Die Bundesregierung will weiter abgelehnte Asylbewerber nach Afghanistan zurückschicken – in begrenzter Zahl. Damit bleibt es vorerst bei dem Kurs, den Bund und Länder nach dem schweren Anschlag Ende Mai auf die deutsche Botschaft in Kabul eingeschlagen hatten. Das teilten das Außenamt und das Bundesinnenministerium mit. Zurückgeschickt werden sollen also weiter Straftäter und „Gefährder“ – Menschen, denen die Sicherheitsbehörden einen Terrorakt zutrauen – und jene, die „hartnäckig ihre Mitarbeit an der Identitätsfeststellung“ verweigern.

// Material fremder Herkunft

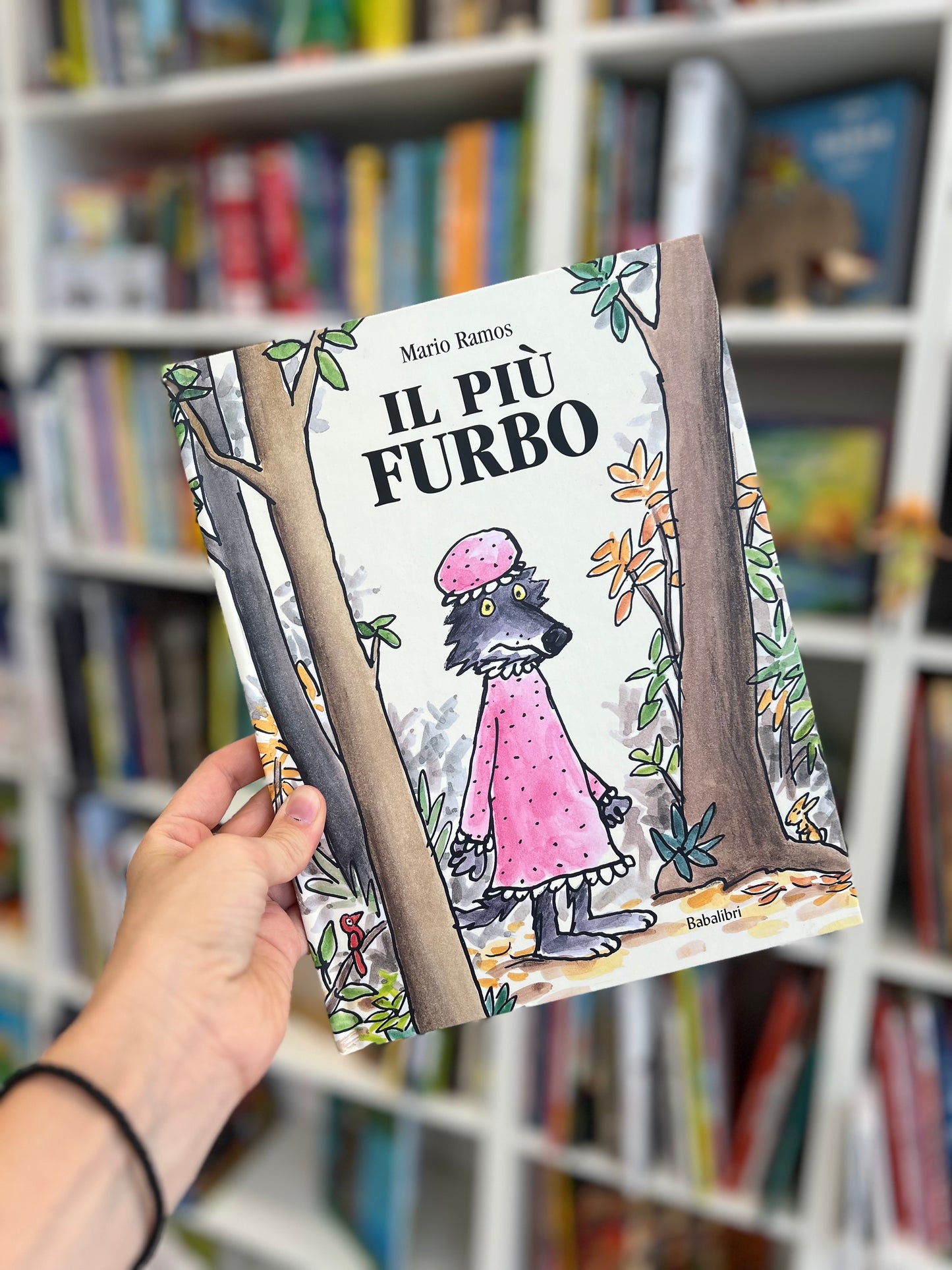 Il più furbo, Mario Ramos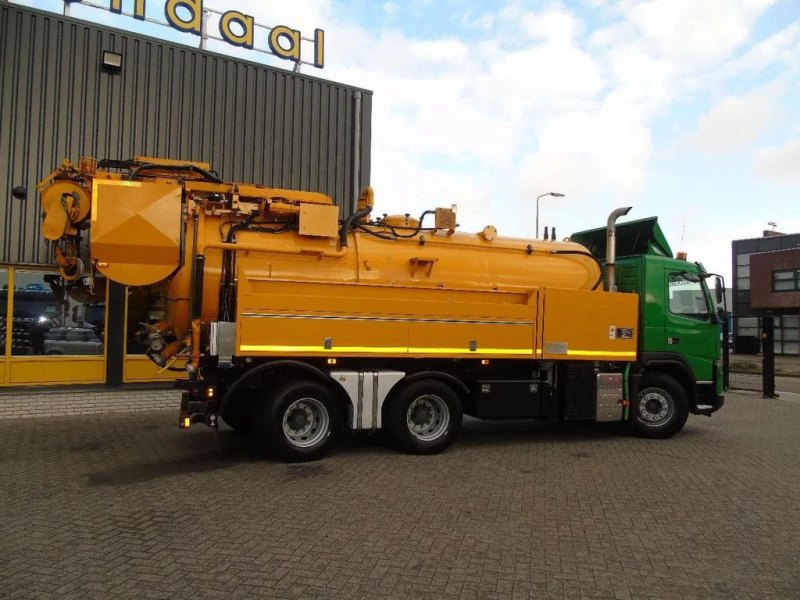 Volvo FMX 420 + 15.000L + HIGH PRESSURE PUMP + URACA + 6X4 + EURO 5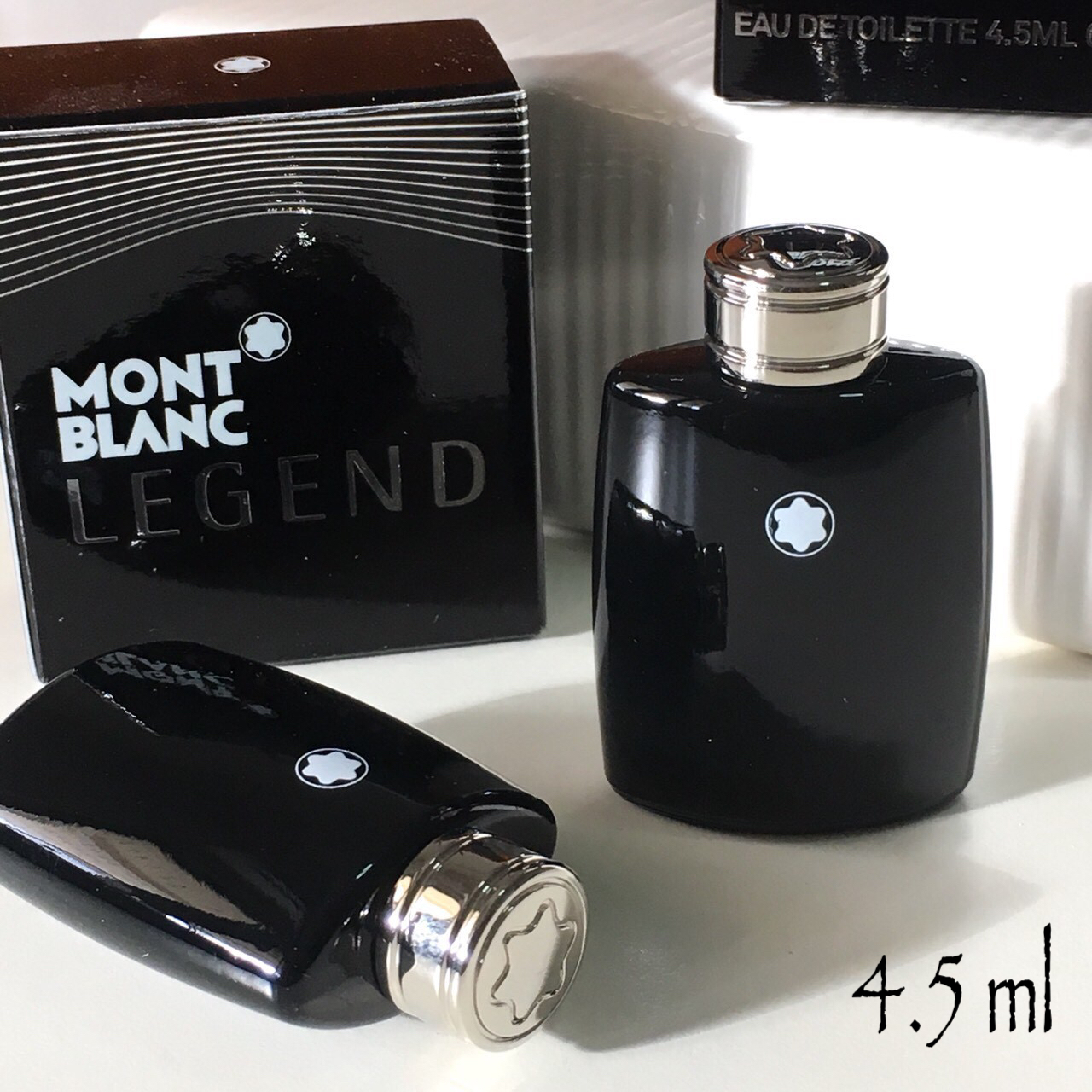 MONT BLANC Legend EDT ขนาดทดลอง 4.5 ml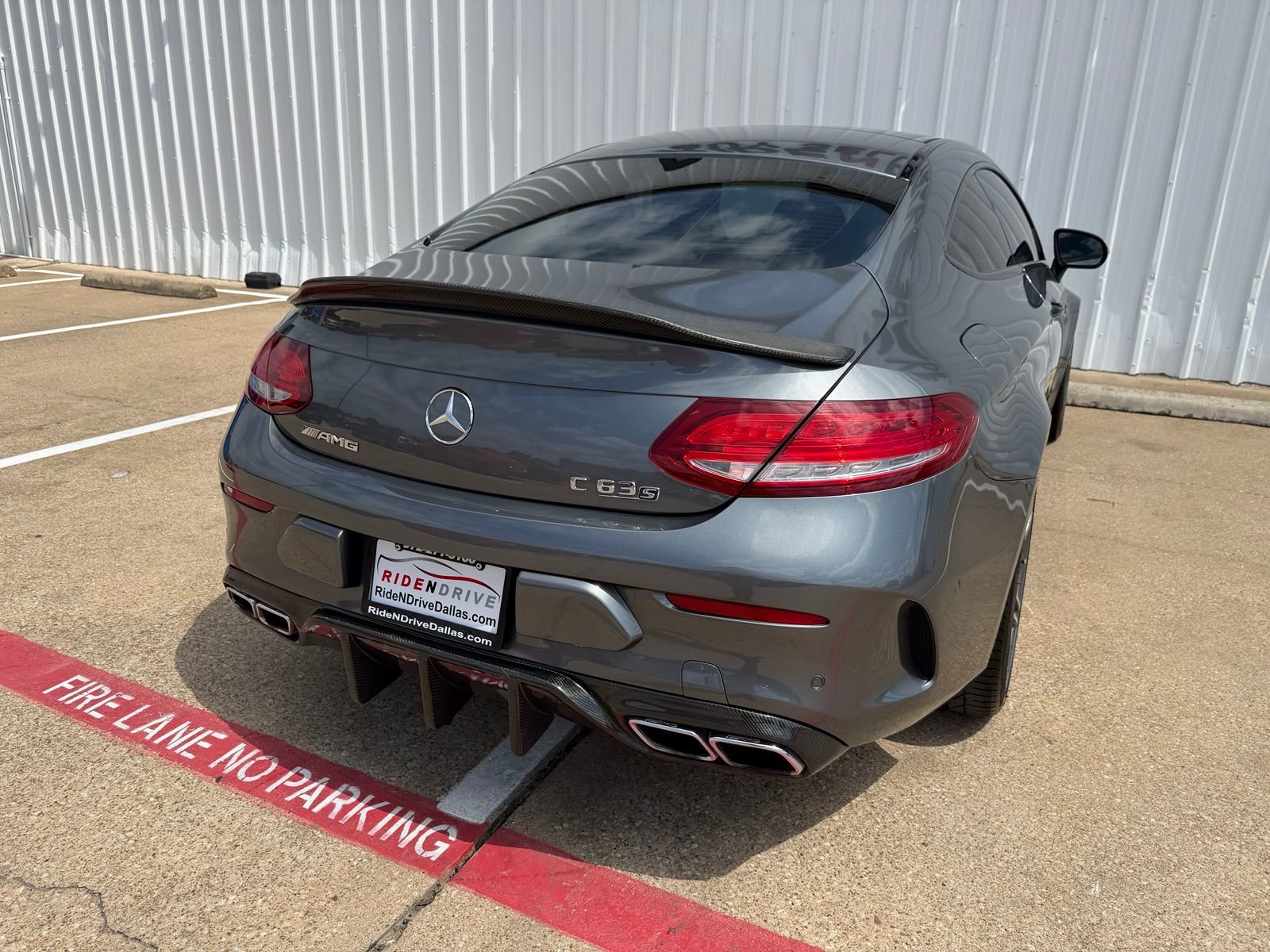 Used 2017 Mercedes-Benz C 63 AMG S image 6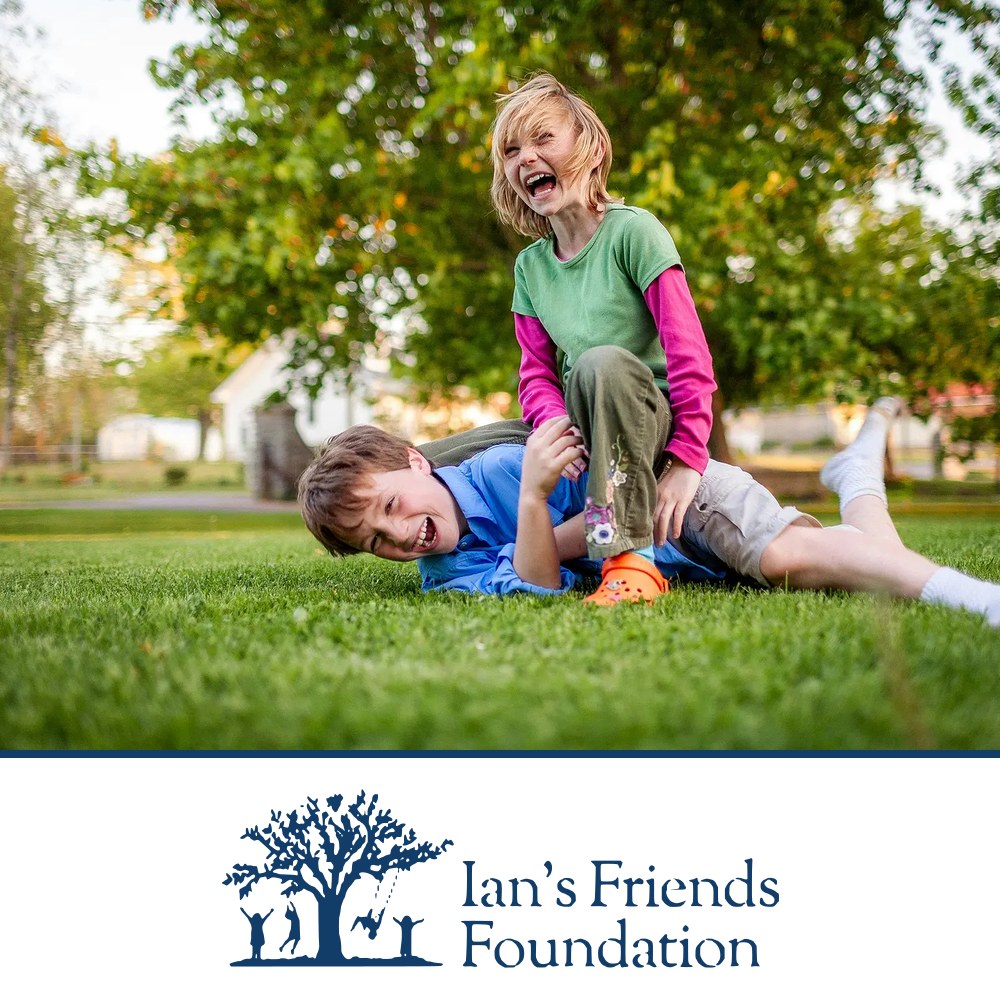 Ian’s Friends Foundation – children playing outdoors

Botschaft soll wieder verstärkt werden

Zwar hat sich der Konflikt mit den Taliban verschärft, sie kontrollieren einige Bezirke mehr. Einige Terroranschläge trafen zuletzt das Land, vor denen es allerdings auch hierzulande keine Sicherheit gibt. So hatte die Explosion einer Lastwagenbombe nahe der deutschen Botschaft in Kabul mindestens 150 Menschen getötet, Hunderte verletzt und schweren Schaden auf dem Gelände der Botschaft angerichtet. Diese ist seitdem nur eingeschränkt arbeitsfähig. Bis auf den Botschafter verließen fast alle Mitarbeiter das Land. Laut Außenamt soll aber bald ein „Kernteam“ wieder nach Kabul zurückkehren.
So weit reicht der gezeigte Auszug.